DeepSeek R1's training pipeline: pure RL discovers reasoning, supervised training polishes it, distillation spreads it to smaller models.

The Distillation Trick

One of DeepSeek's most impactful contributions: they showed you can take the reasoning patterns learned by a massive 671B parameter model and distill them into much smaller models (1.5B to 70B parameters). These distilled models perform remarkably well — a 14B distilled model can outperform many full-sized models on reasoning benchmarks.

This means you don't need a massive model to get reasoning capabilities. The thinking patterns are transferable. That's huge for students and developers working with limited resources.

The Architecture Difference: Dense vs. Sparse

There's an interesting architectural split between the major reasoning models.

OpenAI's o3 uses a dense transformer — all parameters are active for every token. This is computationally expensive but straightforward.

DeepSeek R1 uses a Mixture-of-Experts (MoE) architecture. Of its 671 billion total parameters, only about 37 billion activate for any given token. The rest sit idle. It's like having a team of 20 specialists, but only sending 2–3 of them to handle each task. This makes R1 dramatically cheaper to run despite having more total parameters.

Mistakes That Bite — Common Misunderstandings

"Reasoning models are always better." Not true. For simple tasks — quick Q&A, summarization, casual conversation — standard models are faster, cheaper, and equally accurate. Reasoning models shine on complex, multi-step problems. Using o3 to answer "What's the capital of France?" is like hiring a math PhD to calculate a restaurant tip.

"More thinking tokens always helps." There's a point of diminishing returns. Some problems don't benefit from more thinking — the model just generates redundant reasoning that wastes tokens and money. o3-mini offers three reasoning levels (low, medium, high) for exactly this reason: match the thinking effort to the problem difficulty.

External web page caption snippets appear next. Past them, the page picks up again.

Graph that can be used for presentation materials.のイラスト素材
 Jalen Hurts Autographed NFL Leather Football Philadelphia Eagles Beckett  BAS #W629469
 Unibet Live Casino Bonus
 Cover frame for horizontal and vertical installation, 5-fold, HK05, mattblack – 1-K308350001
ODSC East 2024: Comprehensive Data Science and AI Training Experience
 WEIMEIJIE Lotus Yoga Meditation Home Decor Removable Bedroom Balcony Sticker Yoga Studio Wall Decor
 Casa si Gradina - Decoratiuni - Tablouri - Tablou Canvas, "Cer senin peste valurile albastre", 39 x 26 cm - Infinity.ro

"The thinking tokens are just the model talking to itself." It's more structured than that. The thinking phase includes specific learned behaviors: problem decomposition, hypothesis generation, self-verification, and error correction. These aren't random ruminations — they're patterns the model learned lead to correct answers.

Now Go Break Something

Want to experience the difference firsthand?

  • Try DeepSeek R1 through their API or web interface — it shows the full thinking process. Give it a tricky logic puzzle and watch it reason through it.
  • Compare with a standard model on the same problem. Ask GPT-4 or Claude a multi-step math problem, then ask R1. Compare the reasoning quality and accuracy.
  • Explore distilled versions. The DeepSeek-R1-Distill-Qwen-14B and DeepSeek-R1-Distill-Llama-8B models are on Hugging Face. You can run these locally and get reasoning capabilities on your own machine.
  • Read the DeepSeek R1 paper — search for "DeepSeek-R1: Incentivizing Reasoning Capability in LLMs via Reinforcement Learning." It's published on arXiv and is one of the most accessible AI research papers of 2025.
  • Search for "The Illustrated DeepSeek-R1" by Jay Alammar — he does visual breakdowns of AI architectures that are incredibly beginner-friendly.

Remember that model arguing with itself — writing "Wait, that's not right" and backtracking mid-thought? That's not a gimmick. It's the result of a model that learned, through pure reinforcement, that slowing down and checking its work leads to better answers. Reasoning models don't know more than standard LLMs. They just take a breath before answering. And that breath — those thinking tokens — turns out to be one of the most powerful improvements in language model history.